(Image-caption web data)

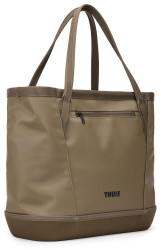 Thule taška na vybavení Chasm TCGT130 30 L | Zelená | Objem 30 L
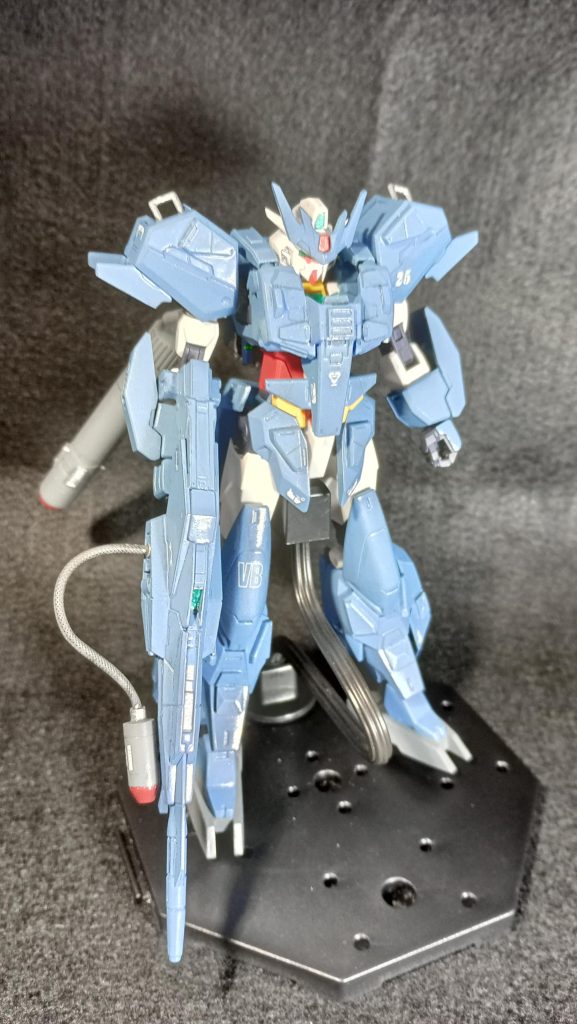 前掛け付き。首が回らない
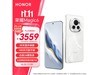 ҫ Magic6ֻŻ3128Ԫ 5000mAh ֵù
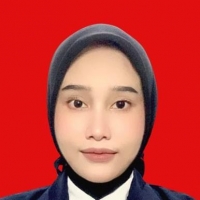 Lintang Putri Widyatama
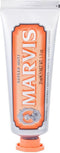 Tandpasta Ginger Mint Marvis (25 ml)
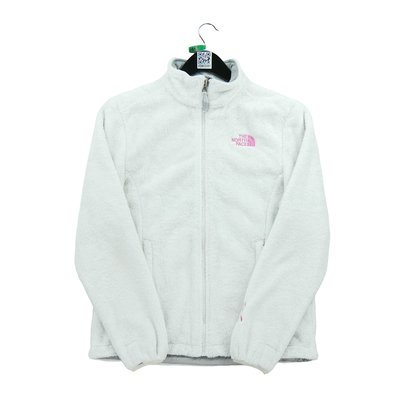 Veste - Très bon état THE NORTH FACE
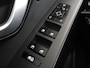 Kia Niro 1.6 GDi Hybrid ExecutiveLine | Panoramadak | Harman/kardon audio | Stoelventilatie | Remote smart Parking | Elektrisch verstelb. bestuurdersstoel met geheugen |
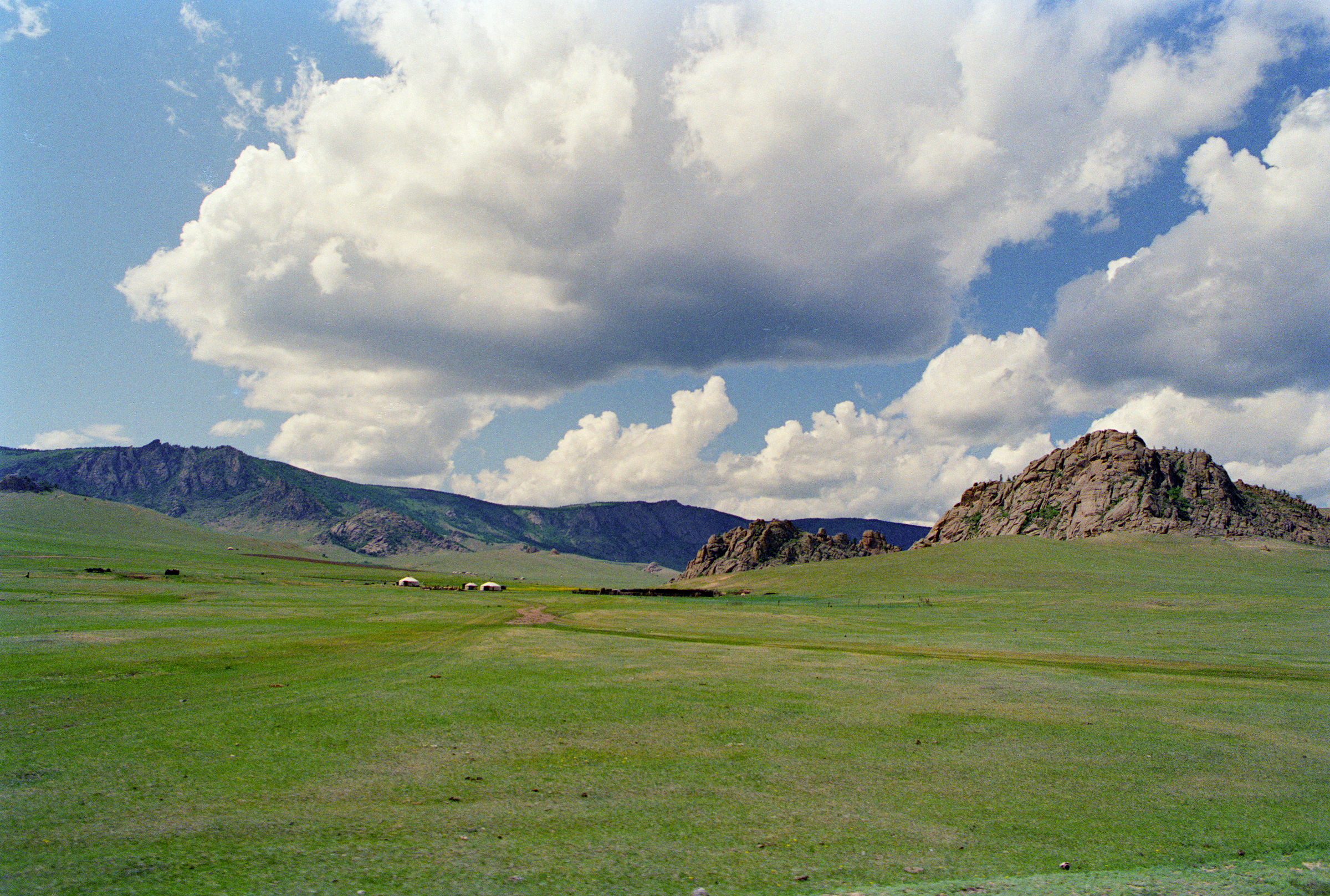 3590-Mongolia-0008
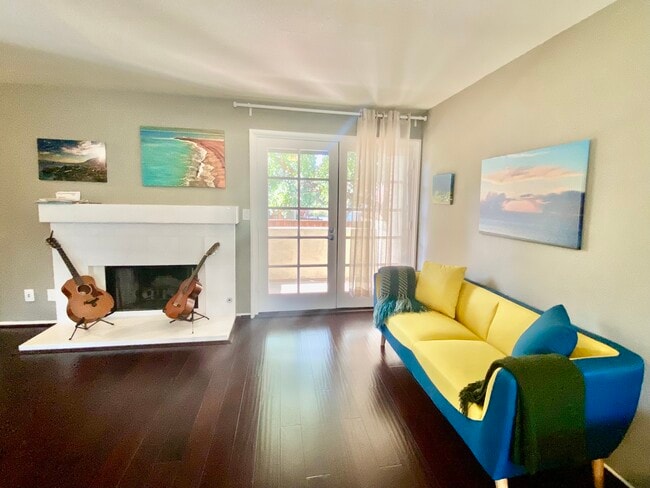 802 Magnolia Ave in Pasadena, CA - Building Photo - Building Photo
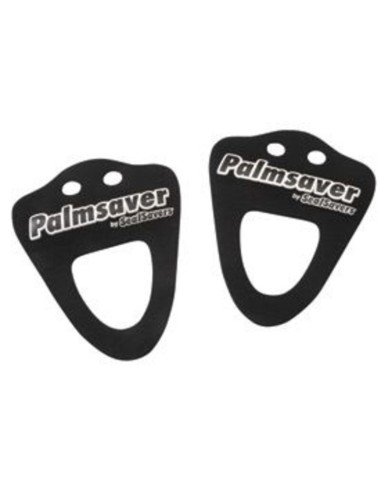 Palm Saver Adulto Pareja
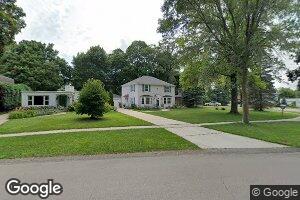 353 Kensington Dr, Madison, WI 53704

§ TASK TO COMPLETE:
Could you output the full set of entries exactly, skipping every picture?

§ COMPLETED EXERCISE:
 Thule taška na vybavení Chasm TCGT130 30 L | Zelená | Objem 30 L
 前掛け付き。首が回らない
 ҫ Magic6ֻŻ3128Ԫ 5000mAh ֵù
 Lintang Putri Widyatama
 Tandpasta Ginger Mint Marvis (25 ml)
 Veste - Très bon état THE NORTH FACE
 Kia Niro 1.6 GDi Hybrid ExecutiveLine | Panoramadak | Harman/kardon audio | Stoelventilatie | Remote smart Parking | Elektrisch verstelb. bestuurdersstoel met geheugen |
 3590-Mongolia-0008
 802 Magnolia Ave in Pasadena, CA - Building Photo - Building Photo
 Palm Saver Adulto Pareja
 353 Kensington Dr, Madison, WI 53704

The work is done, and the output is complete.